SOURCE MATERIAL below:
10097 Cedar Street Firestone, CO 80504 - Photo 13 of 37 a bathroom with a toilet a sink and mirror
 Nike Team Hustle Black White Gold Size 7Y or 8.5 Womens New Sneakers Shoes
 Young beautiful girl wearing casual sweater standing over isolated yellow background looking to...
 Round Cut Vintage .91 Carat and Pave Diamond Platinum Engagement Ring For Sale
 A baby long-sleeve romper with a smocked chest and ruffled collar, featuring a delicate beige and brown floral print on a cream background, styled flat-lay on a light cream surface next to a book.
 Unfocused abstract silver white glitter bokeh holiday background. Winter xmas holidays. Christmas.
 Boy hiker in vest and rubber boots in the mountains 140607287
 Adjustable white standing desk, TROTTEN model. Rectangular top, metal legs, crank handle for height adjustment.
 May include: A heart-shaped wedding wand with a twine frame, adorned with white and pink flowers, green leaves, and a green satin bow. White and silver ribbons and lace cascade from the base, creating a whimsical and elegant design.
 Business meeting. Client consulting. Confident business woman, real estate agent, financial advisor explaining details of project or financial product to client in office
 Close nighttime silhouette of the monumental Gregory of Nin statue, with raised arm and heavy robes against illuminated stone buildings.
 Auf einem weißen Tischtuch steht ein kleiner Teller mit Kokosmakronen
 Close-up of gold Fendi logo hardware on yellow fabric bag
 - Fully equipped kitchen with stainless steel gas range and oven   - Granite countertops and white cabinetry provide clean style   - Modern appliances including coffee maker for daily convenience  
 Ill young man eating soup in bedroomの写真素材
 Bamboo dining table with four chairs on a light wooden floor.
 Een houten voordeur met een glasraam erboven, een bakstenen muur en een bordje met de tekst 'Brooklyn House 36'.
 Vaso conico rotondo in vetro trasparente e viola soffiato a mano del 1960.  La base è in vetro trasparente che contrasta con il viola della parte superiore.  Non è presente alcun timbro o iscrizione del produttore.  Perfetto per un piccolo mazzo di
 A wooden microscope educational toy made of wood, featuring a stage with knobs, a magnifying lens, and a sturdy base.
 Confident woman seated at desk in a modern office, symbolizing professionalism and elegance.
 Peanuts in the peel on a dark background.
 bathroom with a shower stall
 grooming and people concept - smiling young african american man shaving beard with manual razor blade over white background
End of SOURCE MATERIAL.
### [TASK BRIEF]
Return each full line of the entries that contains the word "wooden".

### [TASK OUTPUT]
 Bamboo dining table with four chairs on a light wooden floor.
 A wooden microscope educational toy made of wood, featuring a stage with knobs, a magnifying lens, and a sturdy base.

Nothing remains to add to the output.